I woke up this morning and felt thankful for the rain. I didn’t have it in me to peer out the window and see the sun shining and the songbirds chirping their early-morning melodies. It’s unseasonably cold this Mother’ Day, and something about that makes it easier to endure the very first one without my own. I woke up desperate to end this day as quickly as it started…and yet somehow, nearly eight months after unexpectedly losing my mother, I feel now that time passes as often as it stands still.
I didn’t want to honor her today. I didn’t want to acknowledge the gaping hole that exists in my heart after losing my best friend and soul mate. I got out of bed, quickly showered, and left the house. I arrived at a crowded coffee shop and sat in a corner, unable to watch the mothers and daughters happily ordering iced lattes while I dissociated from the impending gravity of this day. I felt myself enter a state of compartmentalization that I used to expertly navigate during difficult times, organizing lists and attending to mindless tasks that would permit me to hyper-fixate on my laptop instead of the holiday.
After answering a pile of emails and starting a continuing education module about managing difficult airways in the operating room, I lifted my eyes momentarily to take a mental break. I turned to see a little blonde girl prancing into the line of customers, her flouncy pink dress and floral leggings brightening up the room on this dark and dreary morning. I couldn’t help but smile as tears filled my eyes…thinking back on how much she looked like me when I was her age. I’m not sure whether it was my own inner monologue or the voice of my mother – after all, these days, I believe they are one and the same – but I felt the internal nudge that comes when inspiration strikes without apparent rhyme or reason.
Here I sit, with tears streaming down my face…in full acknowledgement of the beautiful reality that I can somehow remain prolific through the pain, and that I have my mother to thank for it. I never wanted to be the person that brought down the energy in the room, nor do I want to minimize the happiness of others due to my own conflicted state. Yet hiding behind a watered-down reality of my existence the way I used to do would only cause me to struggle down the road. Every day, I am doing my best to acknowledge my own inner truth while honoring those around me. And through that truth, I must remind myself – and all of you – that sitting with your emotions is the only way to process them. And while early on in my life I strived to be perfect…these days, I strive to be honest.
The honest truth is, from now on, every holiday will feel bittersweet. Every milestone will be punctuated by a sense of longing. Every accomplishment will feel equally as momentous as it does so damn small. I am learning every day to live with the complex reality that being a living breathing thinking feeling human requires connection. Without connection, we are nothing. Without connection, we fail to learn, grow, or experience the rich tapestry of this technicolor life. Some days, it can feel easier to bury the vast array of emotions into the dark and dusky cellar of your mind. Stowing your truth deep beneath the surface may numb you, but it will certainly never heal you. After decades of grappling with my own emotional turmoil, I can tell you conclusively: it is far more human to feel heartache, than it is to feel nothing at all.

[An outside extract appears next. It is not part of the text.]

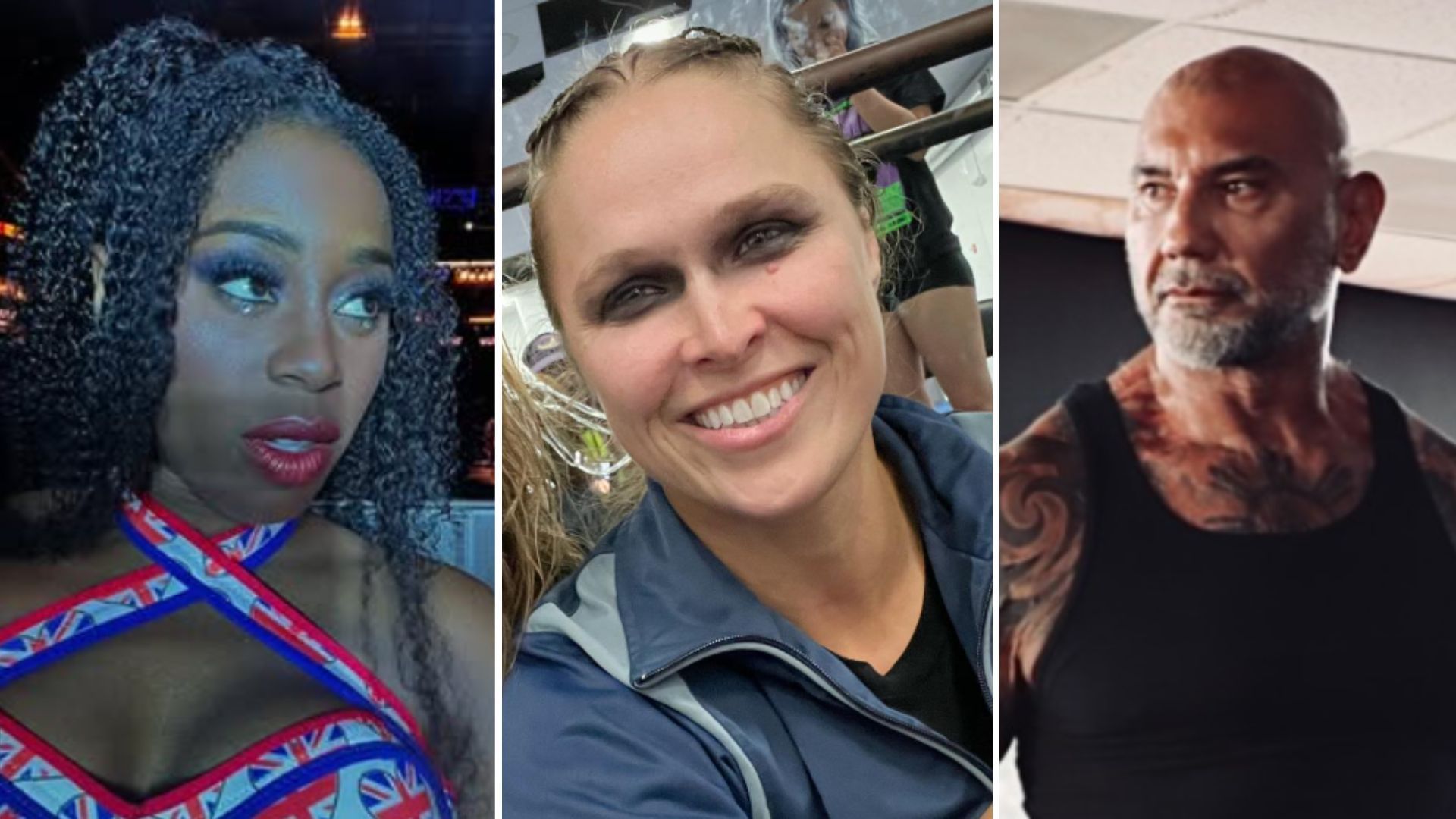 Naomi (left), Ronda Rousey (middle), Batista (right) [Image credits: stars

And so as difficult as it is for me to write this, it is also the easiest thing in the world. When I honor my truth – even when it’s far from the bright and shiny person that I know is my default setting – it permits me to experience an authentic life, and share those layers of myself with others. This Mother’s Day, I hope that every mother is feels the abundance of love she deserves. I hope that every child comes to terms with their relationship – no matter how complicated – and honors those feelings. I hope that those who long to become mothers realize just how many beautiful ways you consistently give to this world: there is a good chance you’re already a warm, generous, empathetic mother to those in your life. I won’t offer empty promises, but I will offer my eternal optimism in a world that can feel too real. I hope that those who are estranged from their mothers process the pain, and I hope that you channel your own experience to do better than was done to you. I hope that those who are fur mamas, bonus mamas, or amazing aunts and grandmothers recognize their value, since this tribe takes a village and you make the community thrive.
And I hope that those who have lost their mothers – the fellow members of a club I was never prepared to become a part of – acknowledge the beauty of a flickering light, a floating butterfly, or a fragrant flower today. If you’re like me, and you are still learning how to sit with your grief when it strikes in the most unexpected ways…I hope that you are kind to yourself. I hope that you’re as gentle with your own heart as you are with others. And I hope that you realize that the inexplicable pain that cuts like a knife on this day is only possible through a love that bleeds through time’s eternal wounds.
Happy Mother’s Day to everyone celebrating – and to those struggling – on this chilly day in May. I hope that you know how special you are, no matter your role; no matter the circumstance; no matter how bittersweet this holiday may feel. To be a mother means to be a lifeforce: the pure embodiment of creation. May you honor whatever you have created on this day, and give it space to flourish. May you take a moment to sit with however you’re feeling, and breathe life into your own sense of humanity.
I love you mama, and I miss you every day.